L’homme en avait profité pour se débattre, il avait même réussi à enclencher sa bague à double anneau en mode cinq et lui-même, pour

la première et la dernière fois, avait vu sa bague passer automatiquement en mode sept. Il avait pu finir le travail, mais il s’était senti sale et désabusé. C’était là qu’il avait compris que, dans une certaine mesure, les doubles bagues étaient animées de leur propre vie.
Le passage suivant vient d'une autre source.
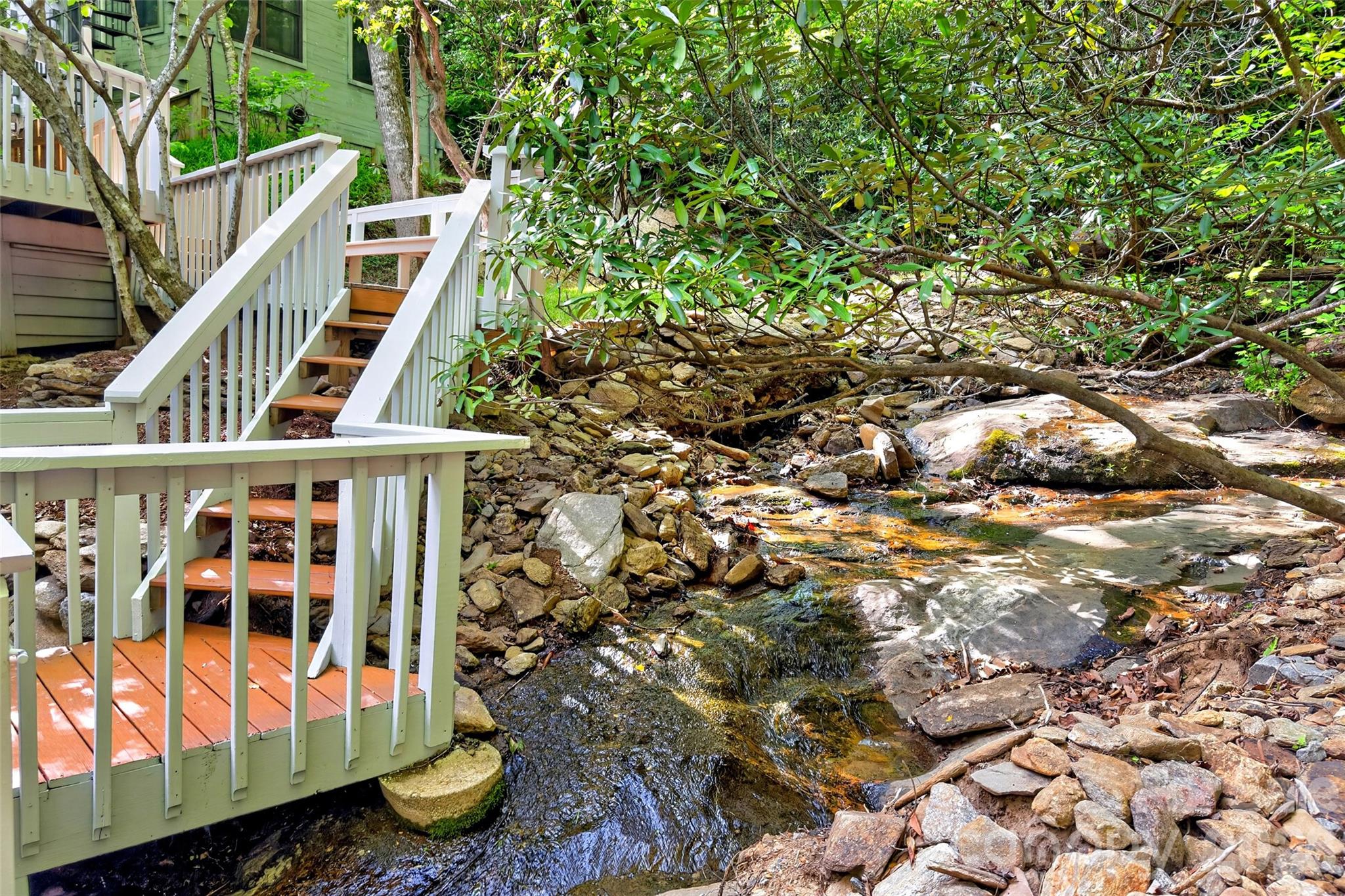 102 Frist Road — Montreat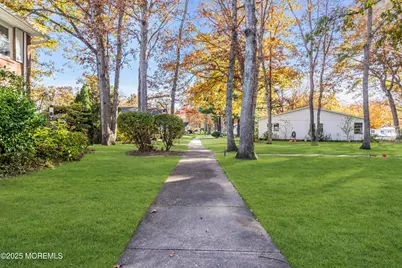 47 E Cambridge Court #100E, Lakewood, NJ 08701 - Photo 8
Par la suite, tout s’était toujours bien passé, mais cette première fois était restée imprimée dans sa mémoire, sans doute parce qu’il avait eu peur. Les autres affaires, il les avait réglées de manière professionnelle, sans états d’âme, et il avait pu mener une double vie pendant toutes ces années. Jacques manqua cependant de professionnalisme dans cette dernière affaire. Certes, il emporta l’ordinateur portable, mais négligea de récupérer le disque dur de l’énorme machine que Sylvain avait installée dans la pièce au fond du couloir. C’est sur cet ordinateur que Sylvain se livrait à sa passion des jeux et qu’il dialoguait avec un petit nombre de correspondants. Il ne sut jamais qu’il était mort pour cette faute. Quand la balle lui traversa la tête de part en part, il dormait du sommeil du juste.